* **Recorded information**:
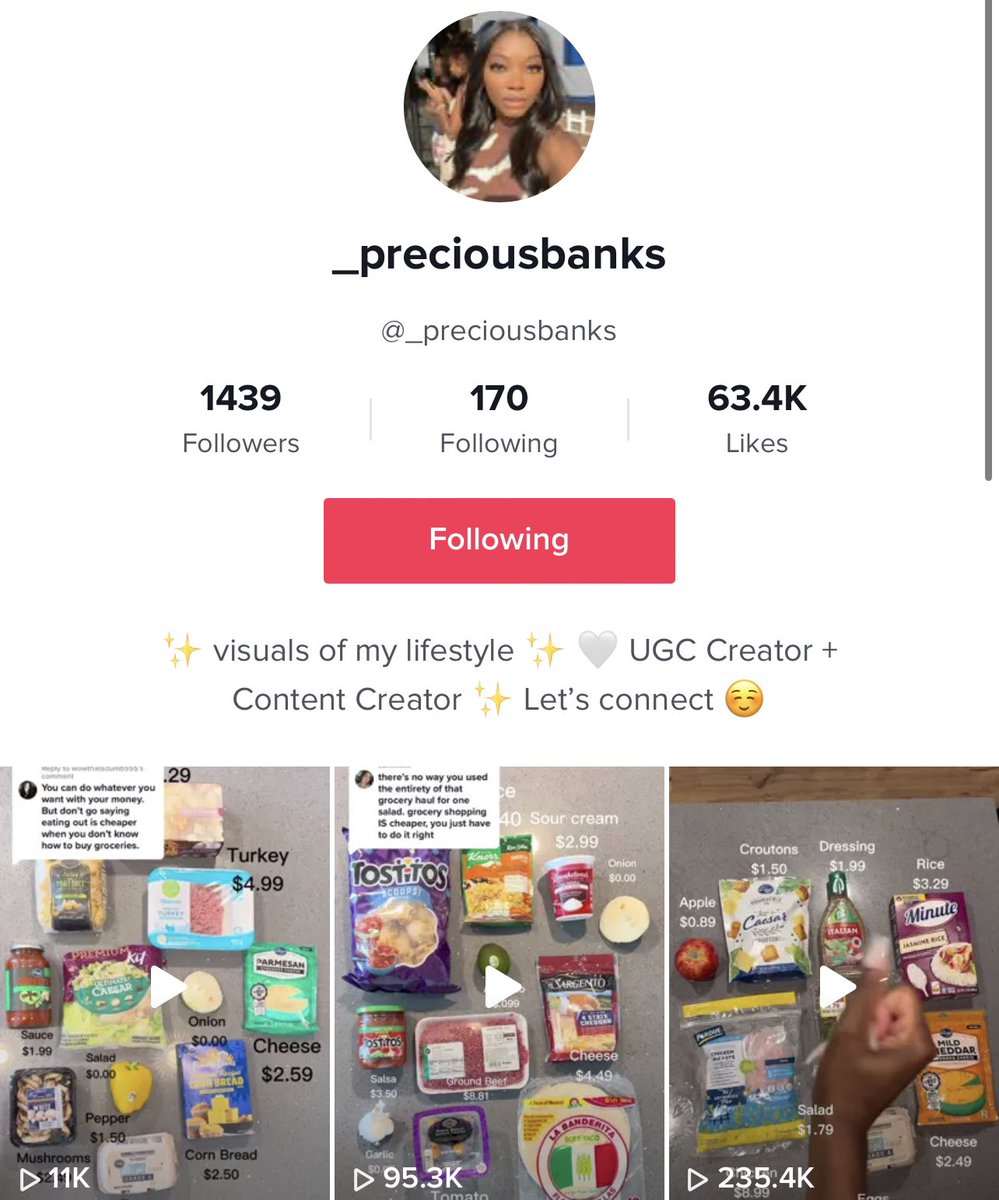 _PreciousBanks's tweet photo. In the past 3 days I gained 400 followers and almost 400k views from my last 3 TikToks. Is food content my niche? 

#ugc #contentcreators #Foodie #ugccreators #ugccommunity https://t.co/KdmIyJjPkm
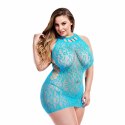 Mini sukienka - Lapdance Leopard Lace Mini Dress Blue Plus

* **Exercise requirements**: Line by line and exactly, write out the material above. Skip the pictures.

* **Completed exercise**:
 _PreciousBanks's tweet photo. In the past 3 days I gained 400 followers and almost 400k views from my last 3 TikToks. Is food content my niche? 

#ugc #contentcreators #Foodie #ugccreators #ugccommunity https://t.co/KdmIyJjPkm
 Mini sukienka - Lapdance Leopard Lace Mini Dress Blue Plus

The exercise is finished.